The lines from the one containing "Foto Annette Haug, ERC Grant 681269 DÉCOR" through the final line of the listing below are what the answer must repeat, exactly and only, leaving pictures out.

Data excerpts>
• • • • • • •

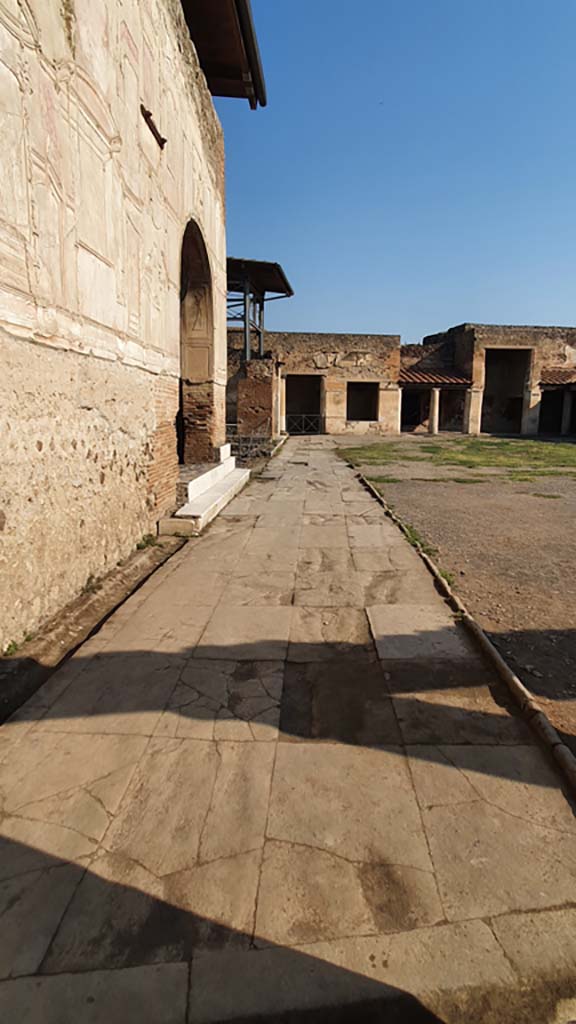 VII.1.8 Pompeii. July 2021.
Looking north from south-west corner of gymnasium C.
Foto Annette Haug, ERC Grant 681269 DÉCOR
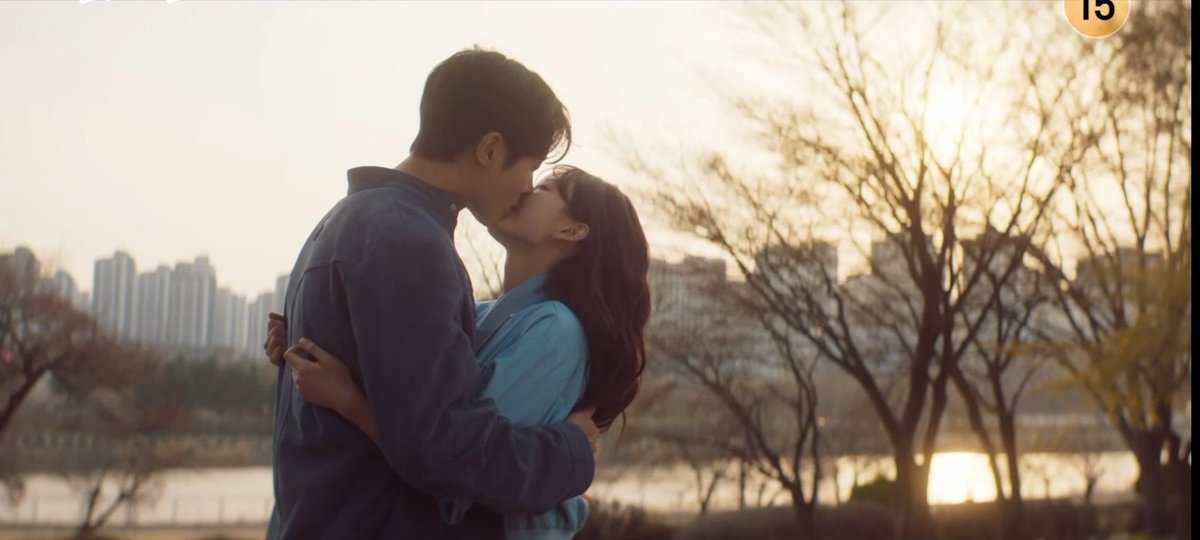 imfalling4choo's tweet photo. Thank you for being my comfort drama and for pulling me out of my K-drama slump. I looked forward to Mondays and Tuesdays because of #HeadOverHeels and now that it's ended, I wish there were more episodes. It was so good, and so much could still happen in every episode🥹😭💗 https://t.co/PQmbpL3arJ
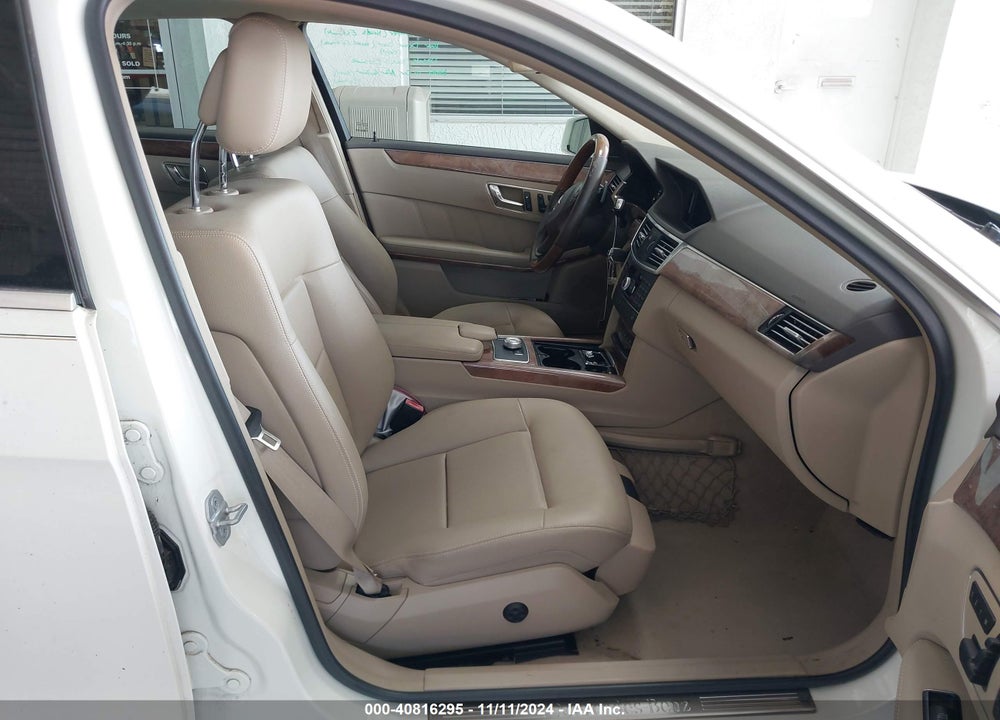 2011 MERCEDES-BENZ E 350 VIN: WDDHF5GBXBA420485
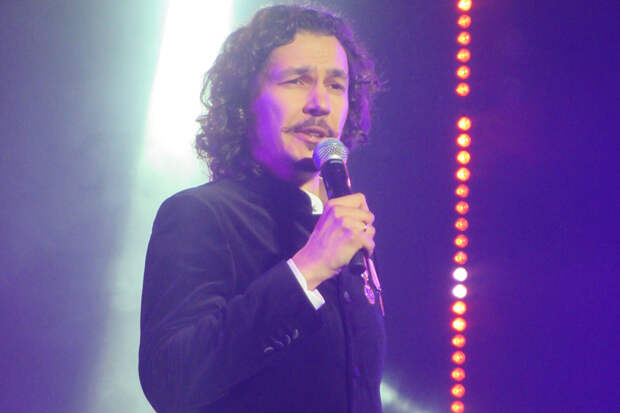 Солист Мариинского театра стал заложником родственника супруги из-за развода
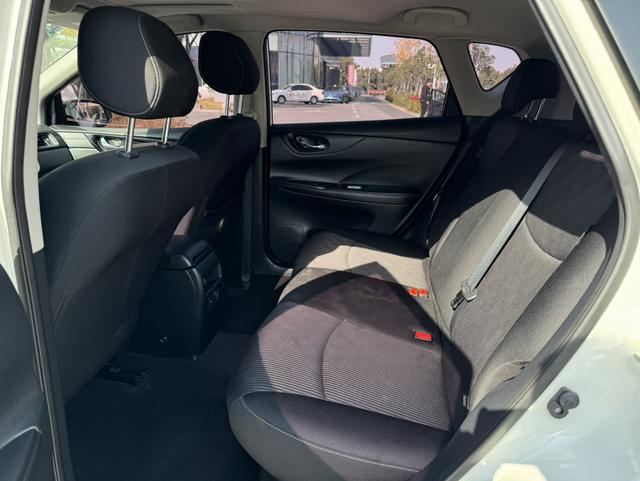 Nissan Tiida 2021 thumb 11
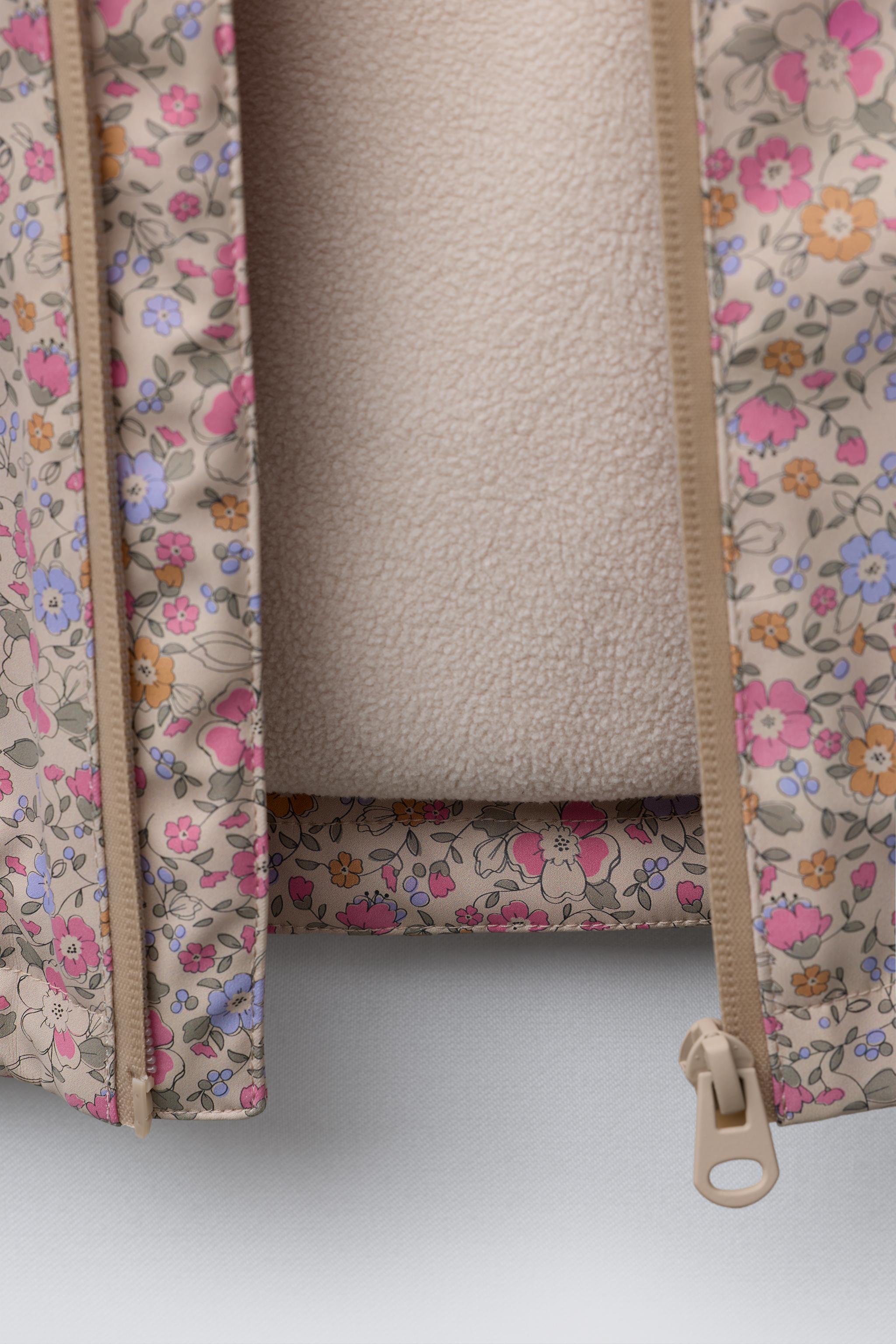 WATER RESISTANT PRINTED RUBBERIZED RAINCOAT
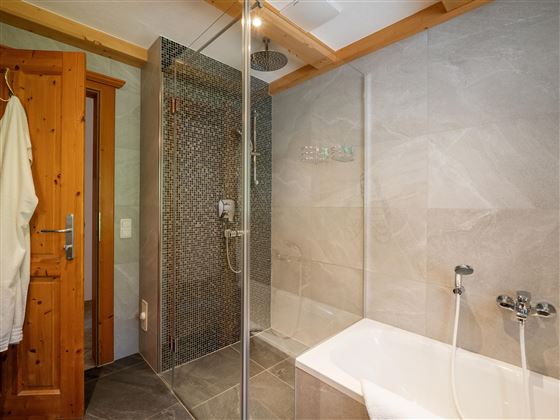 Badezimmer mit Dusche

• • • • • • •

Solution>
Foto Annette Haug, ERC Grant 681269 DÉCOR
 imfalling4choo's tweet photo. Thank you for being my comfort drama and for pulling me out of my K-drama slump. I looked forward to Mondays and Tuesdays because of #HeadOverHeels and now that it's ended, I wish there were more episodes. It was so good, and so much could still happen in every episode🥹😭💗 https://t.co/PQmbpL3arJ
 2011 MERCEDES-BENZ E 350 VIN: WDDHF5GBXBA420485
 Солист Мариинского театра стал заложником родственника супруги из-за развода
 Nissan Tiida 2021 thumb 11
 WATER RESISTANT PRINTED RUBBERIZED RAINCOAT
 Badezimmer mit Dusche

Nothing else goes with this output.